若年性認知症コーディネーターの方が、相談に行ったとき、夫に向かって
「毎日仕事に行っていたら本当に疲れますよね?大丈夫ですか?」
と声をかけてくださいました。
その時は、「認知症の方が疲れる」という感覚はあまり意識していませんでした。
でもよく考えてみると、記憶したり理解したり判断したりするのが難しい分、他の人より何倍も脳を使わなければならない状況なんですよね。
外から見るとゆったり過ごしているように見えても、
実際には頭の中でフル回転していることも少なくありません。
脳はフル稼働:軽自動車の例え
まるで、普通自動車がスイーーっと先を行くのに対して、
軽自動車がアクセル全開で坂道を登っているかのよう。
速度やパワーは感じられなくても、内部のエンジンはフル稼働。
認知症の方も、見た目は静かでも、会話を理解したり状況を把握したりするために脳はとても頑張っているのだと思います。
頭の中はぐるぐる回転:夫の場合
夫は、自分の考えを言葉にするのが少し苦手です。
頭の中が言葉や情報でいっぱいになっている中を、どうにか回り道しながら答えを出しています。
例えば…
💭 「今日は月曜。
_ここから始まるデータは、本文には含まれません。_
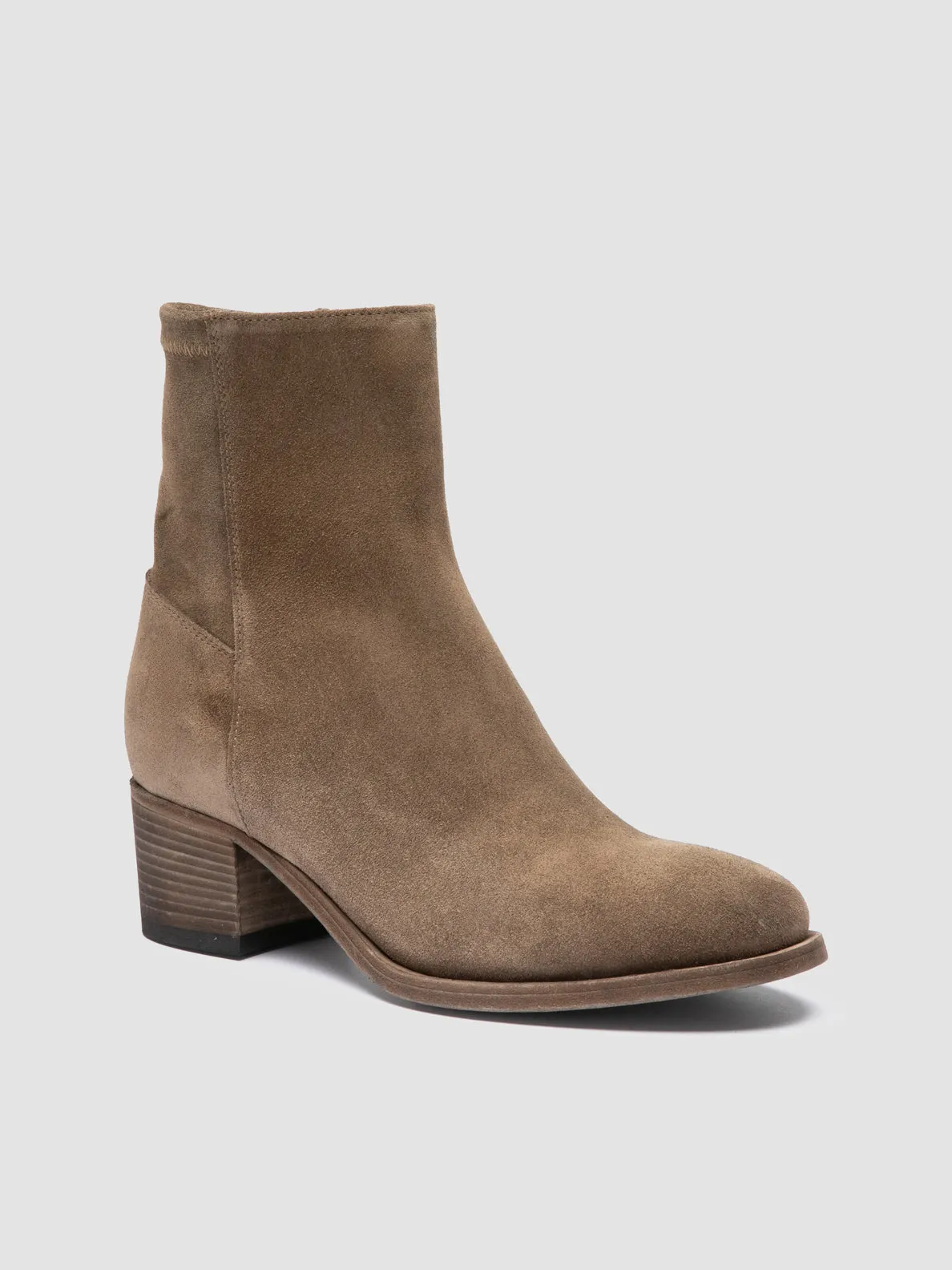 DENNER 127 - Taupe Suede Zipped Boots Air Touch Grass Jog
何をすればいいかな。ゴミは今日だっけ?」

簡単な内容でも、2〜3分かかってやっと言葉にできることがあります。
忙しい時はついイライラしてしまうこともありますが、考えていないから言えないのではなく、
一生懸命考えて言葉にしてくれているんだと改めて感じます。
だから私は、夫の言葉がなかなか出てこないとき、自分にこう言い聞かせています。
「やさしく、やさしく、怒らない、まつよー、まとうよー、深呼吸!」
時間がかかるとわかっている時は、耳を傾けつつも自分の手は止めずに動かすようにしています。
間違っていても言葉に出してくれれば、その単語を拾って意図を汲み取り、手伝うことができます。
少し手伝うだけで、その後の会話がスムーズになることも多いです。
表面的には静かでも、実は頑張っている
夫は大勢での会話中、黙っていることが多いです。
「頭を使っていないのかな」と思ってしまいそうになりますが、後から
💬 「あのとき◯◯さんがこんなこと言ってたね」
と話すことがあります。
その瞬間、ちゃんと聞いて理解しようと必死に頭を働かせていたんだと気づかされます。
また、外出先から帰るとぐったりしていることもあります。
楽しい時間を過ごしても、帰宅後は疲れている——
それも、見えないところで脳のエンジンを回し続けていた証拠かもしれません。
気をつけていること
こうした経験から、夫と過ごすときに意識していることは次の通りです。
- 疲れていそうなときは、5分でもいいから目を閉じて休憩タイム
- 「考えていない」と思わず、見えない頑張りを想像する
- 単語から何を言いたいか予測して手伝う
- 時間がかかることを前提に待つ
認知症の方は、表面上は穏やかでも、その裏で脳はずっと働き続けています。
だから、「疲れやすさ」や「休むことの大切さ」に目を向けられるようになりました。
まとめ
認知症の方は、一見何もしていないように見えても、
軽自動車が坂道を登るように、一生懸命エンジンを回して頑張っています。
だからこそ、私たちが意識したいのは
- 無理をさせない
- 休む時間も大事にする
そのうえで、人との関わりや楽しい時間を持てると、本人にとっても家族にとっても大きな力になります。
見えない頑張りに気づき、寄り添う——
それが、認知症の方と向き合ううえで大切なポイントなのだと思います。